**Problem statement:** Print every entry exactly as it appears, but skip the pictures.
------------------------------------------------------------
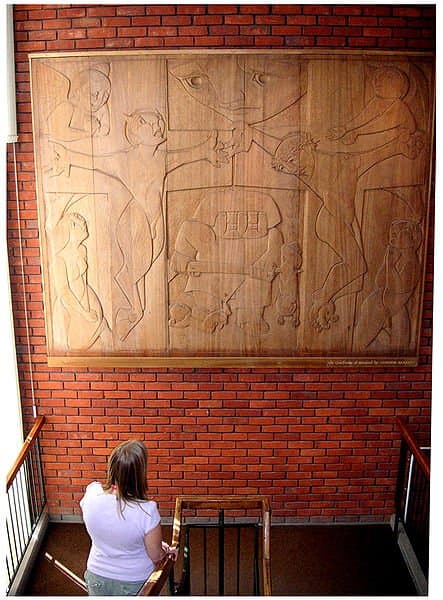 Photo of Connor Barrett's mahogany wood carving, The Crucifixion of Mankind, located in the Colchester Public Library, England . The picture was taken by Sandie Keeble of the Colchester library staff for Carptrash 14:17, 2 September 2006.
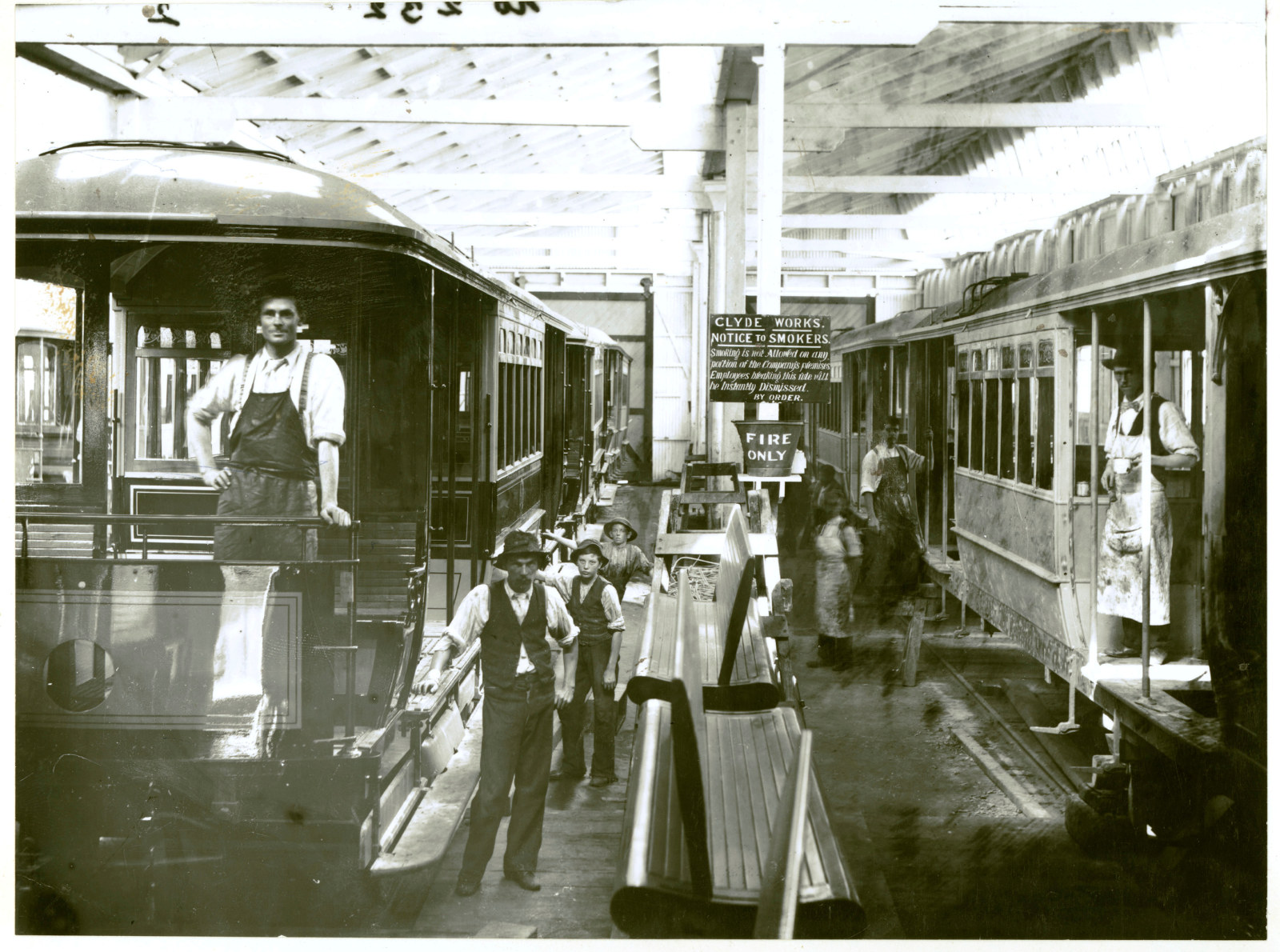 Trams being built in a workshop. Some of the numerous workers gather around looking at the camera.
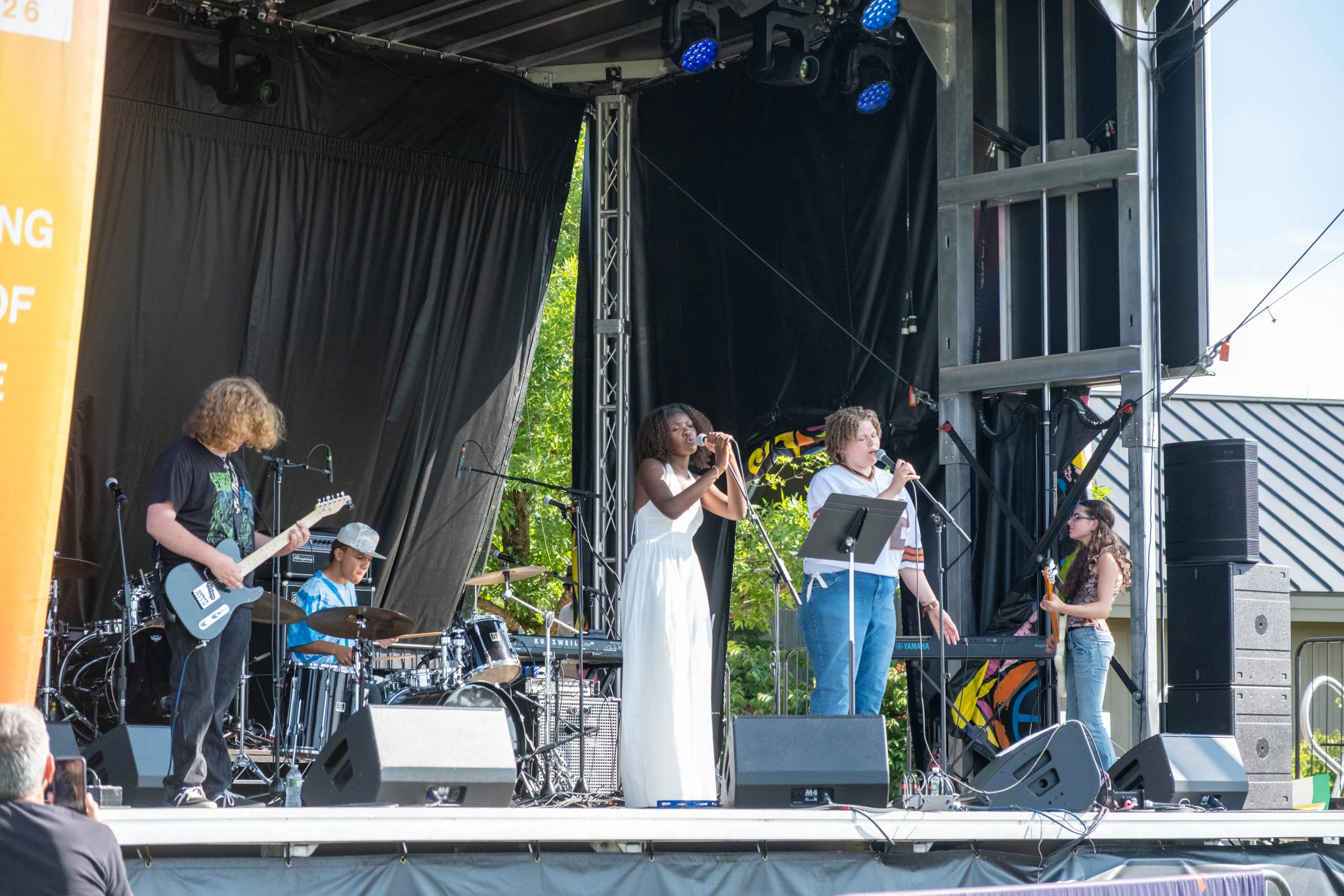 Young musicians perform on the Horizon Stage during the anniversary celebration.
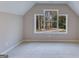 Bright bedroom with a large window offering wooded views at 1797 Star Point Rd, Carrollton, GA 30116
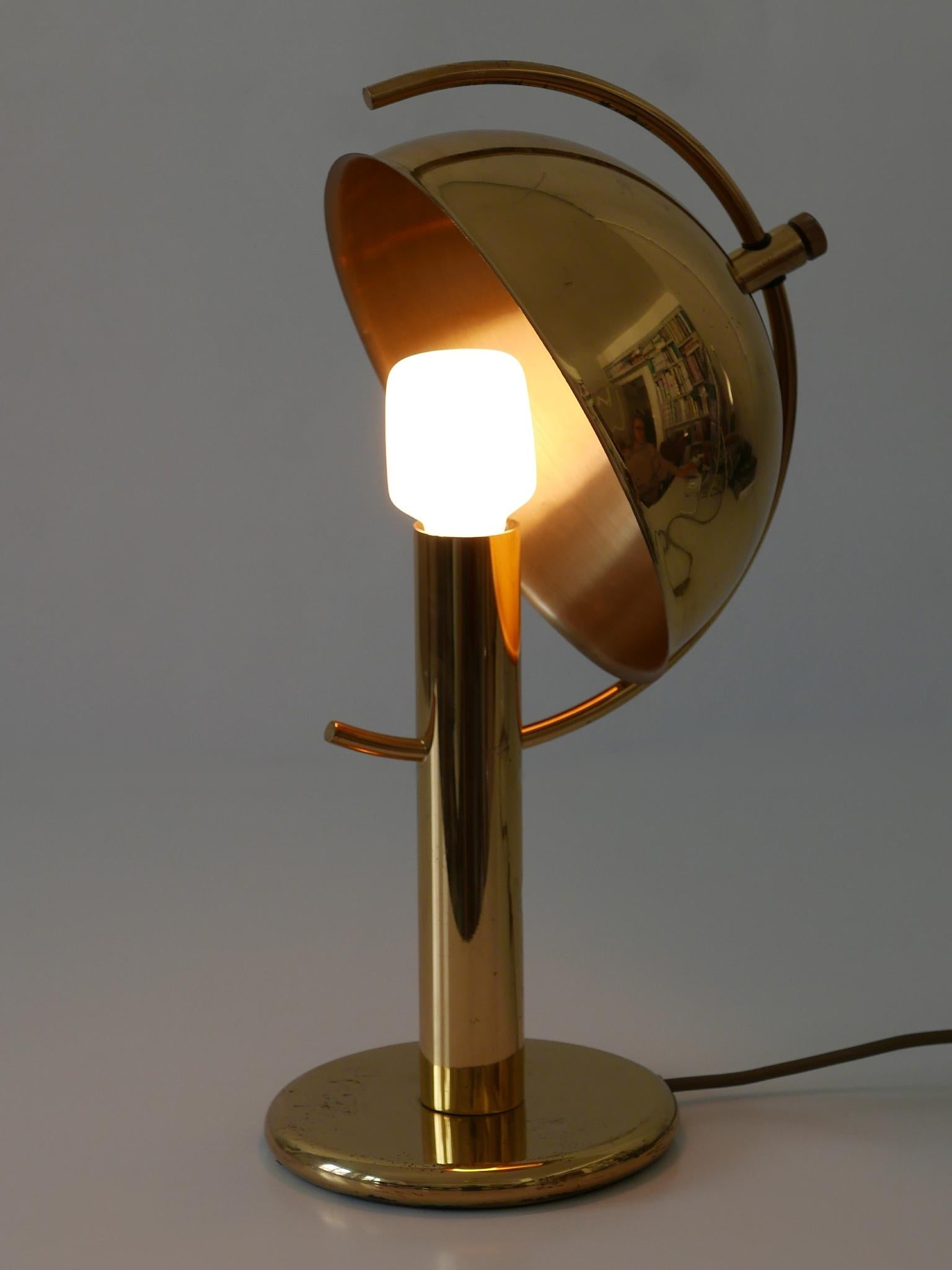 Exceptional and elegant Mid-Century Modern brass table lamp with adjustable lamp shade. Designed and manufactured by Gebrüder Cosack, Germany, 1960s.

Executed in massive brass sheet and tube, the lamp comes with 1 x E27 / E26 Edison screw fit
------------------------------------------------------------
**Answer area:**
 Photo of Connor Barrett's mahogany wood carving, The Crucifixion of Mankind, located in the Colchester Public Library, England . The picture was taken by Sandie Keeble of the Colchester library staff for Carptrash 14:17, 2 September 2006.
 Trams being built in a workshop. Some of the numerous workers gather around looking at the camera.
 Young musicians perform on the Horizon Stage during the anniversary celebration.
 Bright bedroom with a large window offering wooded views at 1797 Star Point Rd, Carrollton, GA 30116
 Exceptional and elegant Mid-Century Modern brass table lamp with adjustable lamp shade. Designed and manufactured by Gebrüder Cosack, Germany, 1960s.

Executed in massive brass sheet and tube, the lamp comes with 1 x E27 / E26 Edison screw fit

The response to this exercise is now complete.